*** Opening Exercise data ***

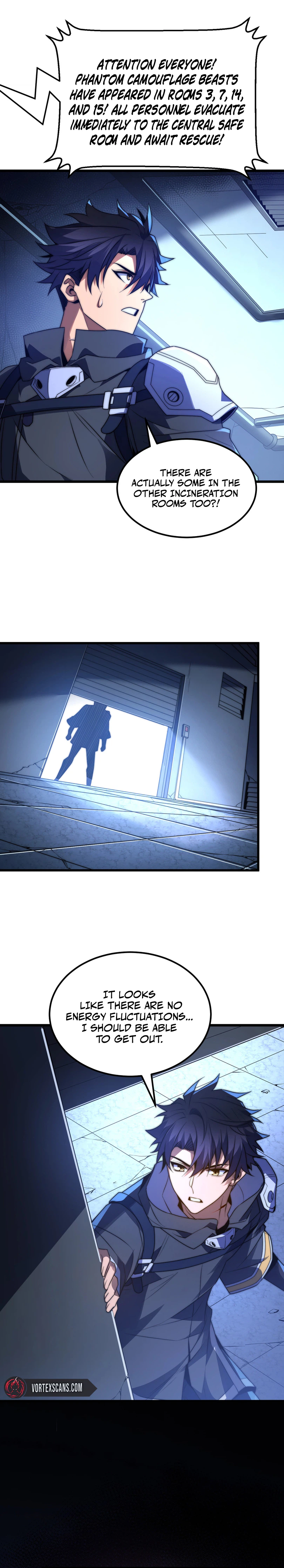 Rise of The Soul-Devouring God Chapter 5 Page 18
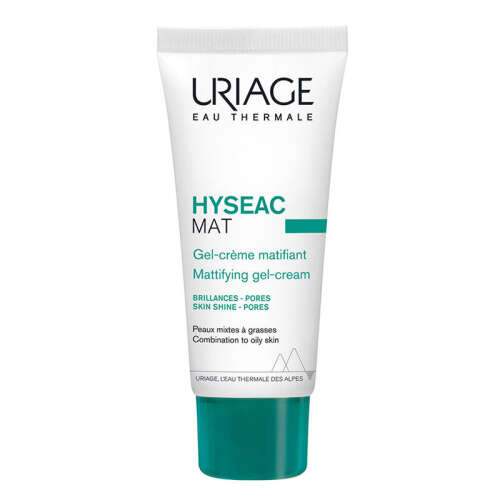 Uriage Hyseac MAT Karma ve Yağlı Ciltlere Özel Matlaştırıcı Krem 40 ml - Uriage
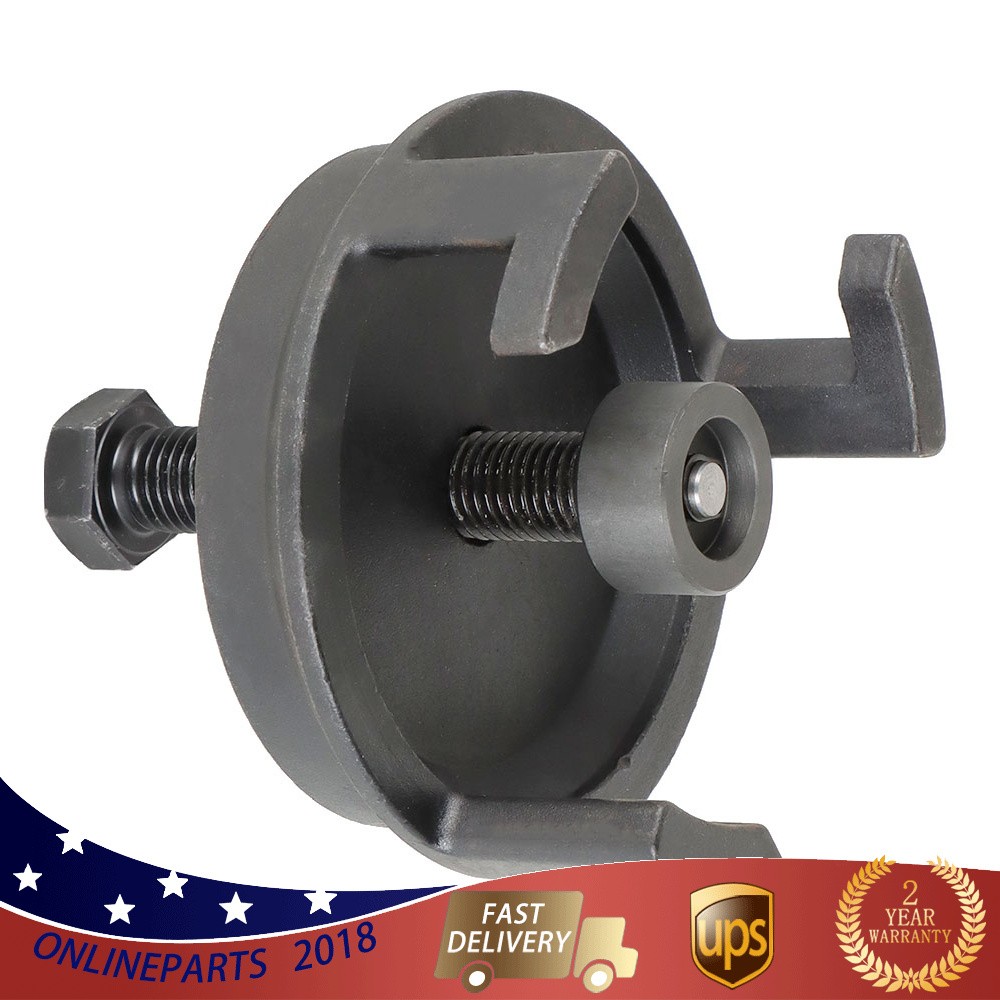 Harmonic Balancer Puller Crank Pulley Puller 25264 For GM Dodge Chrysler Ford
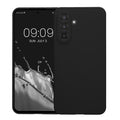 kwmobile Handyhülle für Samsung Galaxy A56 5G Hülle - weiches Handy Silikon Case - Schutzhülle Cover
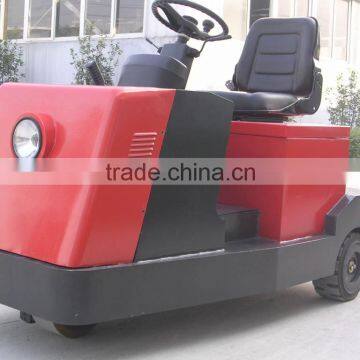 Luggage electric tow tractor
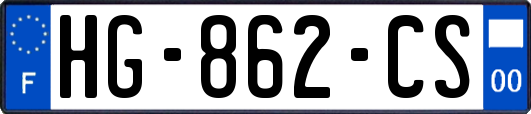 HG-862-CS
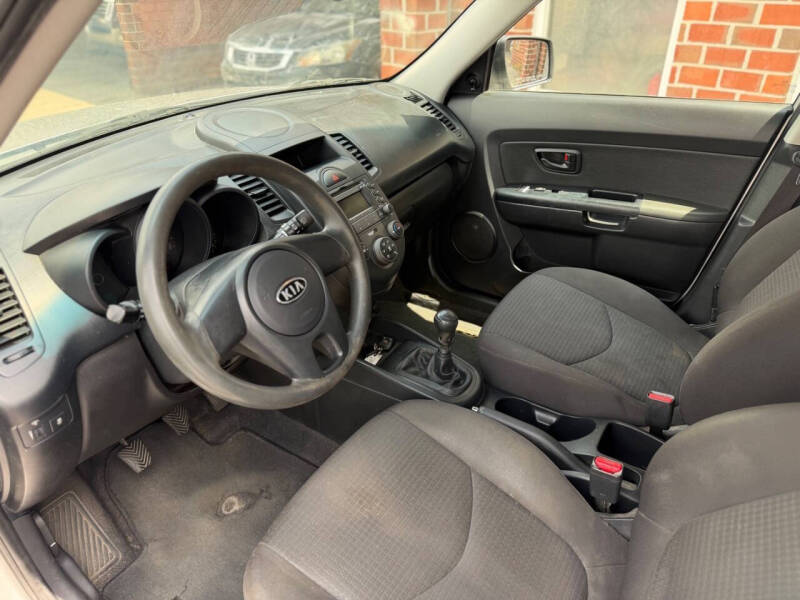 2011 Kia Soul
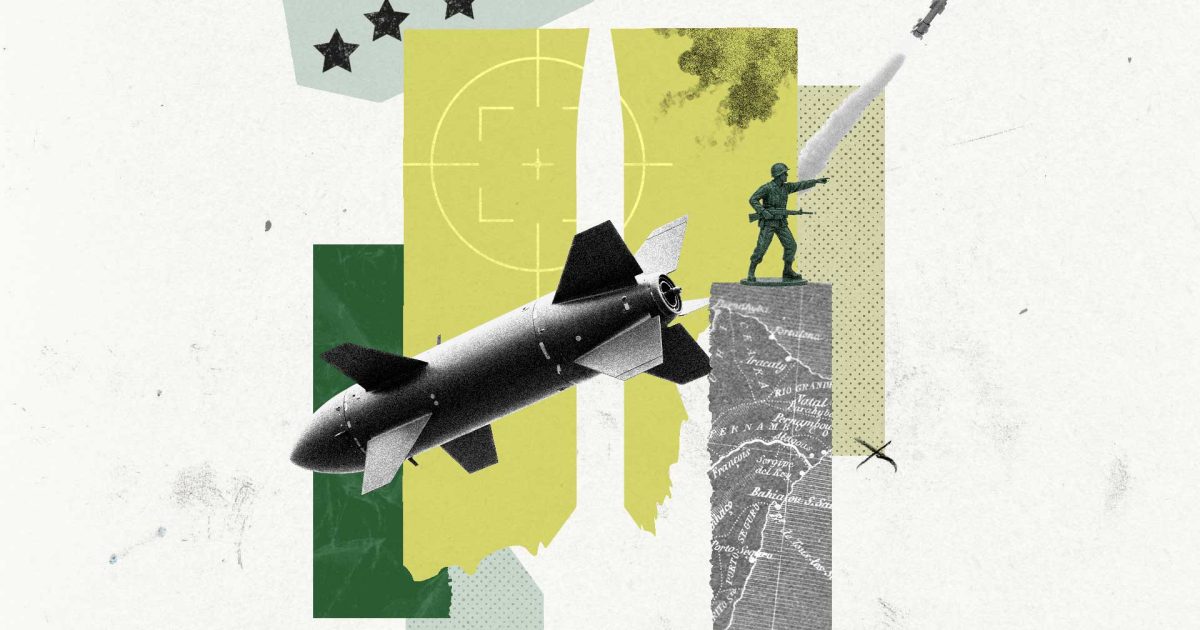 Quem controla as empresas de defesa do Brasil — e quanto ainda é capital nacional
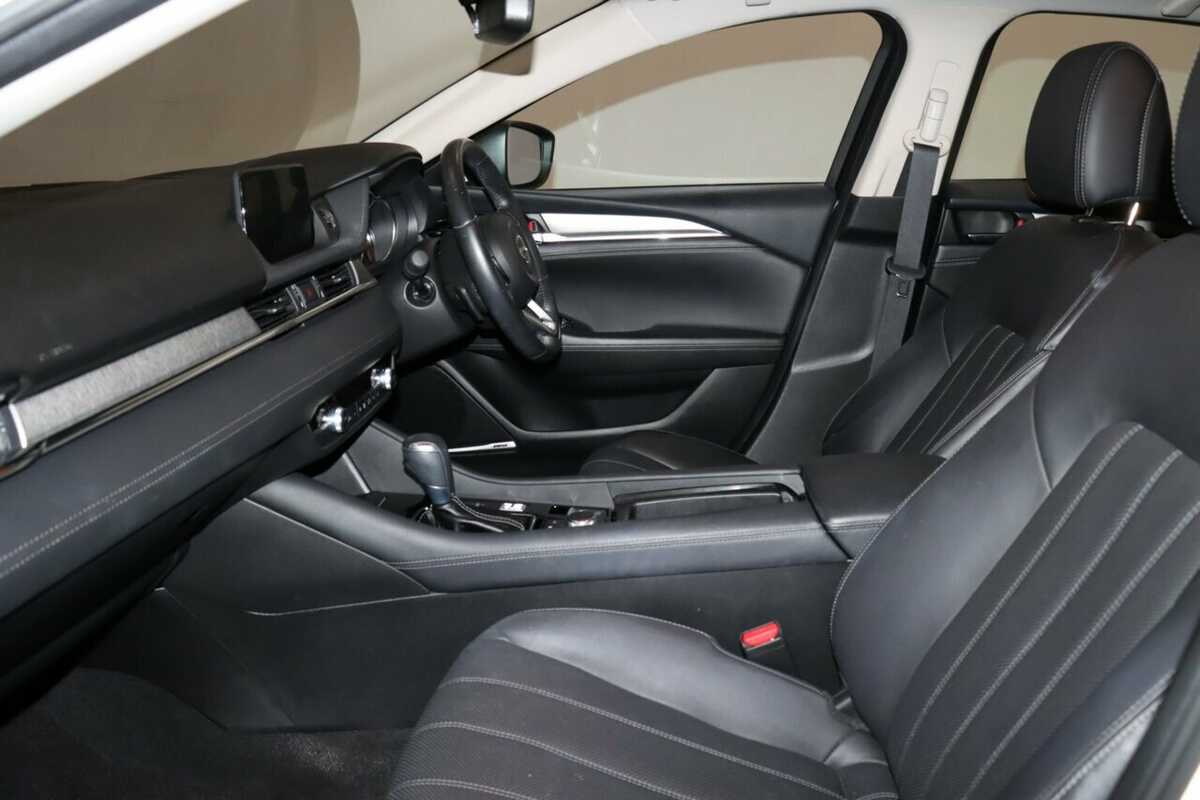2019 Mazda 6 Touring SKYACTIV-Drive GL1032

*** Closing Exercise data ***

**Task item**.
Print the listing word for word, but omit the pictures.

**Expected answer**.
 Rise of The Soul-Devouring God Chapter 5 Page 18
 Uriage Hyseac MAT Karma ve Yağlı Ciltlere Özel Matlaştırıcı Krem 40 ml - Uriage
 Harmonic Balancer Puller Crank Pulley Puller 25264 For GM Dodge Chrysler Ford
 kwmobile Handyhülle für Samsung Galaxy A56 5G Hülle - weiches Handy Silikon Case - Schutzhülle Cover
 Luggage electric tow tractor
 HG-862-CS
 2011 Kia Soul
 Quem controla as empresas de defesa do Brasil — e quanto ainda é capital nacional
2019 Mazda 6 Touring SKYACTIV-Drive GL1032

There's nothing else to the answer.